Une invitation au bonheur à ne pas manquer!

Paroisse Saint-Jean-Baptiste – Ottawa https://sjb-ottawa.org

Invitation à des noces, festin sur la montagne, bonheur et repos paisible dans des pâturages abondants : les lectures de ce dimanche nous amènent au cœur, pourrait-on dire, de la promesse de bonheur et de vie de Dieu ; de cette vie en Dieu à laquelle nous sommes appelés.

Dans la première lecture, le prophète Isaïe annonce que le grand projet de Dieu est d’inviter tous les humains autour de la même table pour partager sa joie. Dieu ne se lasse pas de nous inviter. Sa générosité dépasse tout ce que nous pouvons imaginer, il donne en abondance.

« Le Seigneur, Dieu de l’univers, dit Isaïe, préparera pour tous les peuples, un festin … Il fera disparaitre le voile de deuil … Il fera disparaitre la mort pour toujours … Il essuiera les larmes sur tous les visages. » Frères et sœurs, nous ne pouvons qu’éprouver une grande joie devant cette prophétie ! Devant ce beau message d’espérance !

S’asseoir à la même table, partager le même repas, faire la fête ensemble, c’est aussi une image de paix et d’unité. Une paix et une unité que nous sommes appelés à déjà mettre en œuvre aujourd’hui autour de nous. Une paix et une unité déjà donné par le Seigneur, comme nous le rappelle le psalmiste, pour ceux et celles qui mettent leur confiance en lui, qui se laissent guider par lui sur les justes chemins, qui traversent avec lui les ravins de la mort, les apprêtés de la vie. Lui seul peut nous faire revivre et nous procurer grâce et bonheur à chaque jour de la vie.

Dans la parabole de l’évangile, Jésus nous dit que Dieu, son Père et notre Père, nous invite également à sa table et que le Royaume des cieux est comparable à un repas de noce. Voilà une belle image pour représenter la vie de communion avec Dieu à laquelle nous sommes appelés. Un repas de noce évoque le partage, la joie d’être ensemble, l’amitié partagée, l’affection manifestée aux jeunes époux. C’est un moment fort de la vie. Et nous sommes invités par Dieu à entrer dans cette joie.

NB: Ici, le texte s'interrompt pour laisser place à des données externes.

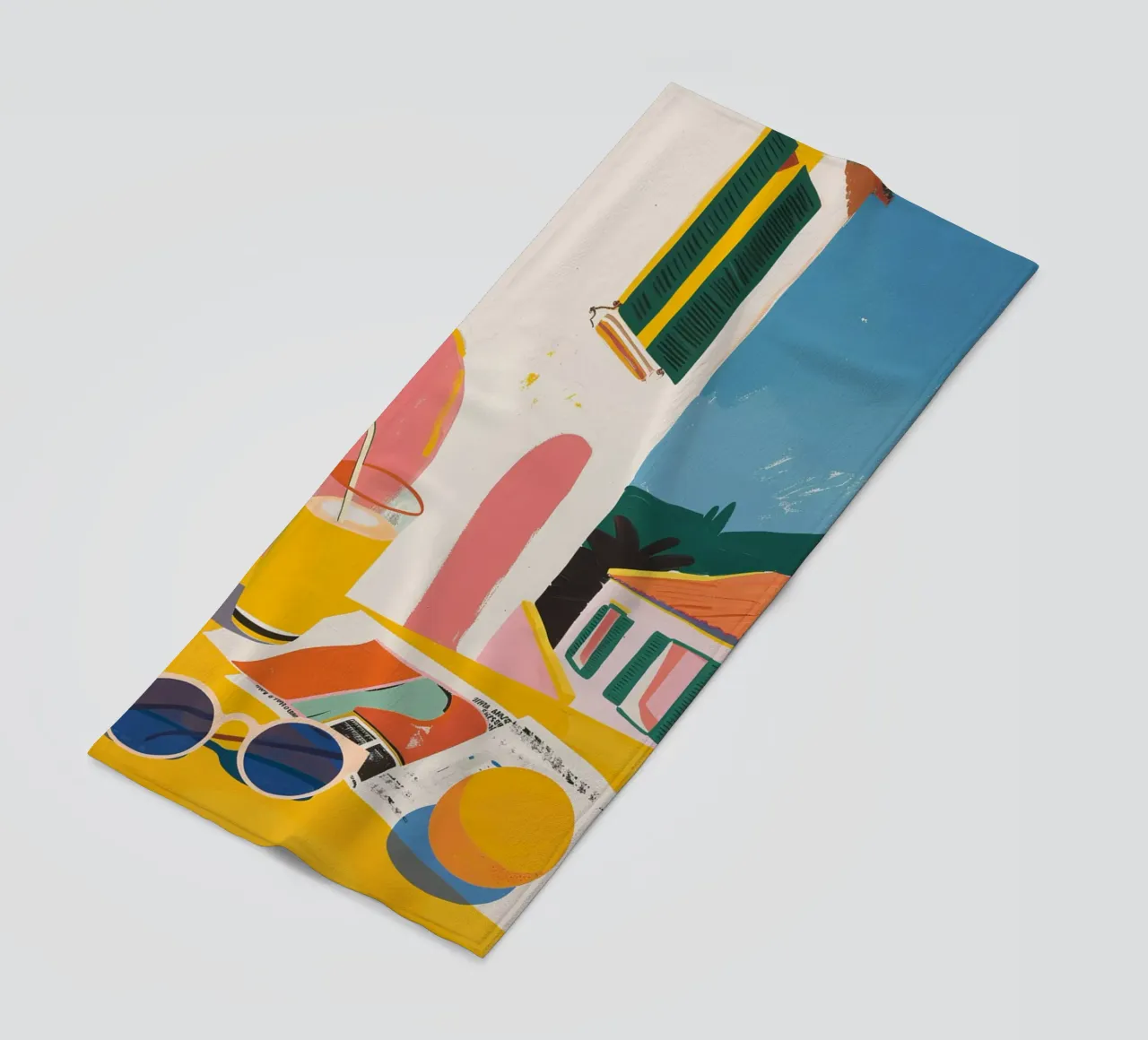 Spain strandhanddoek van LeDieg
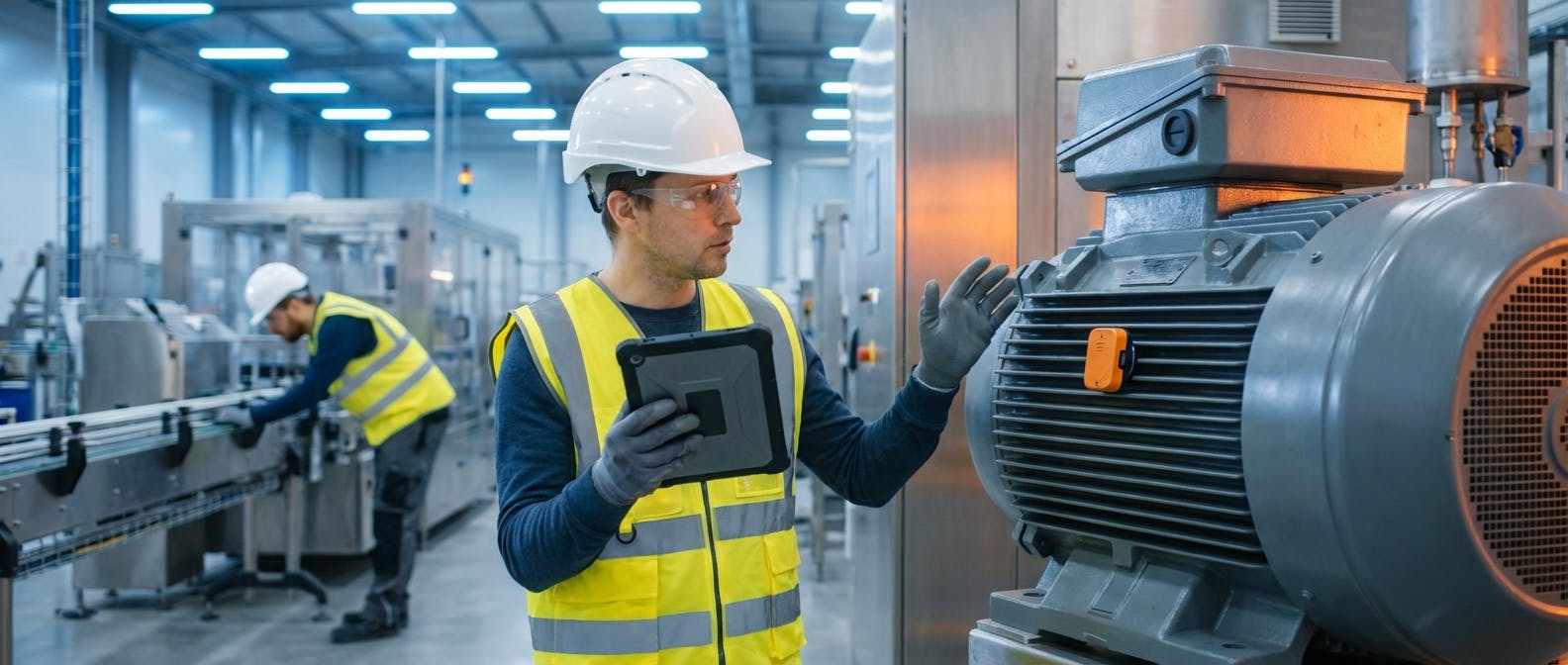 Hero image for Vibration Monitoring Software: How to Move from "What Happened?" to "What Will Happen?"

Dans cette parabole, les premiers invités de la noce ont décidé de décliner l’invitation. Ils ont refusé de suspendre leurs activités quotidiennes. Ils sont attachés à leurs préoccupations immédiates, trop pris dans une logique de rentabilité de leur possession. Ils ont jugé n’avoir pas de temps à perdre à aller à la noce. Et ces invités sont restés sourds à l’appel de Dieu car ils ne croient pas au sérieux et à la vérité de l’invitation à l’amour qu’il leur est faite.

Pourtant, cette invitation à participer à la noce du Fils n’est pas optionnelle. Elle est la condition pour accéder à notre propre vie.

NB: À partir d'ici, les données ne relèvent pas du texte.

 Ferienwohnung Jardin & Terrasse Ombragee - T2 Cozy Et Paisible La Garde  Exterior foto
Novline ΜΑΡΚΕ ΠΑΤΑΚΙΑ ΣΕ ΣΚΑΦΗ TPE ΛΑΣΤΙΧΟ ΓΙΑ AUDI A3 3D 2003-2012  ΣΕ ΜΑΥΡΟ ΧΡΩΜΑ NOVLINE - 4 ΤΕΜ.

Mais Dieu, loin de se décourager, continue à lancer son invitation à ceux qui n’ont pas d’attaches. Et eux vont répondre. Les délaissés, les déshérités, les laisser pour compte, répondent présents à l’invitation de Dieu à entrer dans sa joie. Ceux que le monde délaisse viennent à lui avec confiance. Parce qu’ils n’ont rien, ils peuvent tout accueillir. Ils n’en croient pas leurs yeux : l’amour de Dieu les a rejoints. Leur vie a du prix pour Dieu.

Nous trouvons souvent nous aussi, comme les invités de la première heure, de bons prétextes pour décliner son invitation et nous avons tendance à nous accrocher à ce que nous possédons. La parabole nous invite à changer notre regard et à entrer dans la perspective de l’invitation de Dieu à nous défaire de nos attaches. Chacun et chacune nous pouvons entendre son appel ; à nous d’y répondre dans notre liberté.

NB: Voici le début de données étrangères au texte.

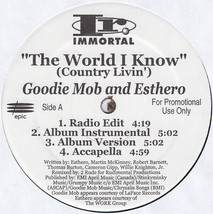 Goodie Mob &amp; Esthero / dead prez - The World I Know (Country Livin&#39;) / Sellin&#39; D - £3.02 GBP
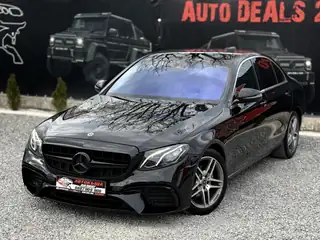 Mercedes-Benz E 220 2018, черен, снимка 2 от 17
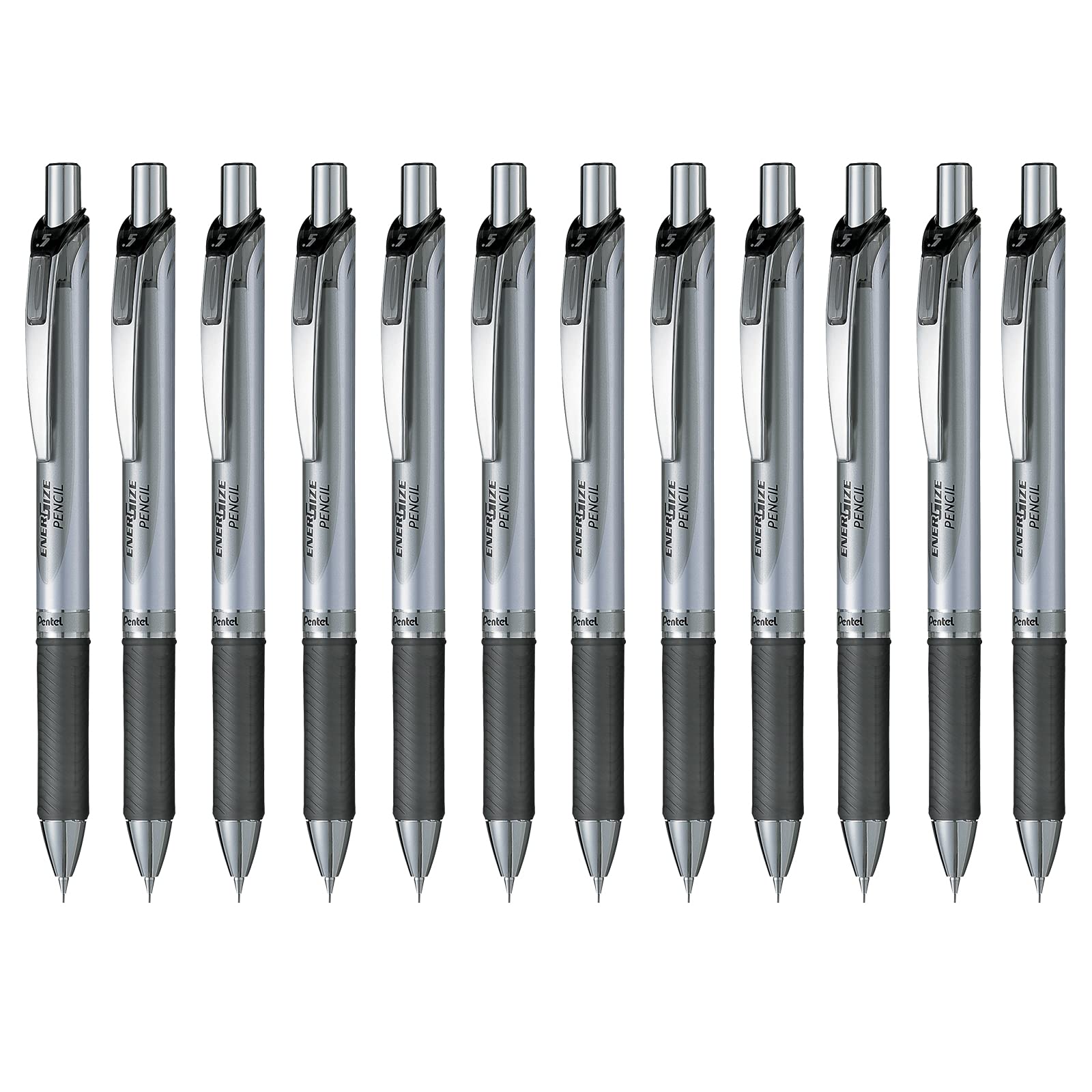 Pentel 0.5 mm Energize Automatic Pencil Lead (Pack of 12)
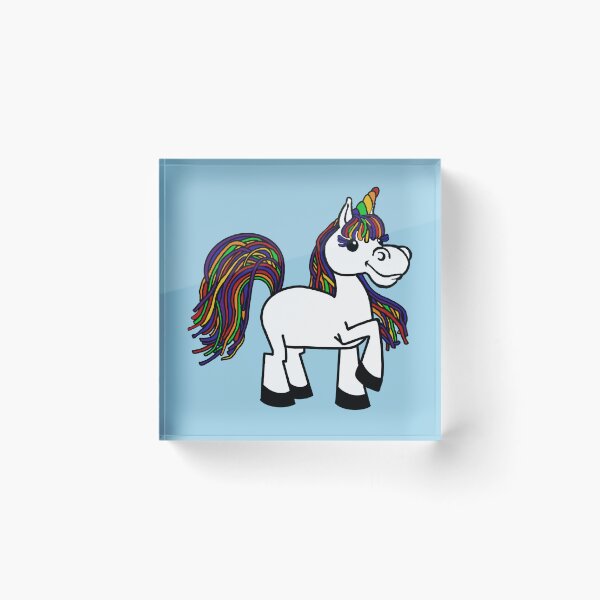 Item preview, Rainbow Unicorn  designed and sold by RayRaysX2.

Et en même temps, nous sommes nous aussi ces invités de la dernière heure, de la dernière chance pourrait-on dire. Nous sommes nous aussi ces anonymes et ces marginalisés qui ont vécu l’errance, habité les marges et qui se sont tenus du côté de la mort. C’est là que nous pouvons rencontrer le Christ vivant qui est descendu aux enfers pour nous en extraire!

Frères et sœurs, nous sommes tous, à la fois ces invités qui se dérobent et ces inconnus recueillis in extremis sur la route. Dieu nous rejoint là où nous sommes, car nous avons chacun, chacune, du prix à ses yeux. Il nous aime et il veut notre bonheur en nous appelant à la vie. À nous de répondre librement à son amour.

Et Dieu nous invite tout particulièrement à le rejoindre lorsque nous nous tenons à des carrefours. La croisée des chemins évoque les moments clé dans nos vies où nous ne savons pas toujours où aller, quelle route prendre : nos épreuves, nos doutes, nos craintes, nos moments de choix difficiles. Dieu nous invite, au cœur de ces moments, à nous remettre à lui, à mettre toute notre confiance en lui. Des moments où nous sommes peut-être plus susceptibles d’entendre cet appel du Seigneur à le rejoindre et à le suivre.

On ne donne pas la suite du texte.